Hashing is also performed in a way such that the resulting code cannot be used to recover the originally hashed data. We say that hashing is a one-way process.
Each block will have a signature hash that is universally unique and impossible to reproduce, except if you have knowledge of the original data contained in the block, stored in the exact same order.
That last detail is very important. For instance, if you took the exact same transactions and stored them in a different order within a block, the resulting hash would be different. In this case, even though the block would contain the exact same transaction data, the order with which they’re stored is different and this generates a different signature.
This illustrates how blockchains do not allow any part of the data to be modified, not even the order with which identical data gets stored.
Proof of Knowledge
As we’ve seen, Blockchain is a special kind of database which does not allow any kind of data modification.
Blocks are recorded in chronological order and this order cannot be modified.
Therefore, blockchains prove not only that data is valid, but also at which point in time that data was inserted.
For this reason, Blockchains can be used as “proof of knowledge” of information.
Using a blockchain you can prove that you knew something at a certain point in time. This was used by the creator of Bitcoin itself, when he encoded the following newspaper headline into the very first Bitcoin block ever mined:
The Times 03/Jan/2009 Chancellor on brink of second bailout for banks
The famous headline is a proof of knowledge timestamped January 3 2009.
It proves that Satoshi Nakamoto had access to that piece of information (a newspaper) on that date. The timestamp cannot be modified.
If you wish to prove that you had access to some information at some point in time, all you have to do is hash that information and then store it in a blockchain. In the future all you have to do is publish your original message and its hash so anyone can verify it.
Blockchain in Finance
Financial transactions are naturally well suited to be stored in blockchains.
Money transfers happen chronologically and a secure, often permanent, record must be kept of each operation.
If the order of operations were ever changed, the whole blockchain would be considered tampered with. The amounts involved, as well as other transaction details, are also impossible to tamper with.
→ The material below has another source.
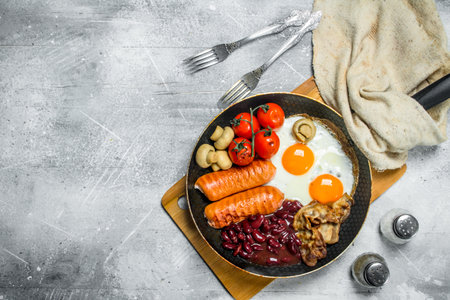 English breakfast. Fried eggs with sausages, bacon and beans. On a rustic background.の写真素材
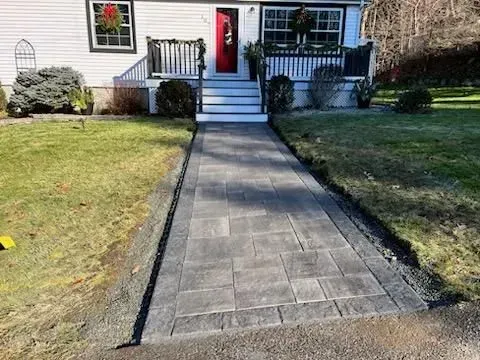 A gray paver walkway leads to the white house with a red door. Green grass surrounds it.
This makes the blockchain perfect for digital cash transactions.
Cryptocurrencies
When used in decentralized systems, blockchains enable the kind of cryptocurrencies we now know as Bitcoin, Dogecoin, Cardano ADA and other alternative coins (altcoins).
Bitcoin was the first successful application of blockchain as a storage engine and decentralized financial ledger.
Each Bitcoin block stores transactions in the order a miner used to assemble the block. These transactions are not necessarily in chronological order within the block, but blocks are arranged in chronological order, one after the other.
A block is committed onto the Bitcoin blockchain once per 10 minutes on average. This time period is fixed by the Bitcoin Core source code and cannot be altered.
Since the hash for every new block depends on the hash of the previously newest block, if any piece of data were modified in any earlier block, that change would immediately propagate to the front of the chain. The most recent block hash would suddenly change and the network of verifying nodes would immediately alert users that something unexpected had happened.
Although alternative cryptocurrencies are implemented in several different ways, most of them follow the same basic idea as Bitcoin.
Although second and third generation cryptocurrencies introduce more sophisticated features, such as smart contracts and built-in compliance mechanisms, the basis for the decentralized ledger is still a system of blocks where each block depends on the previous one.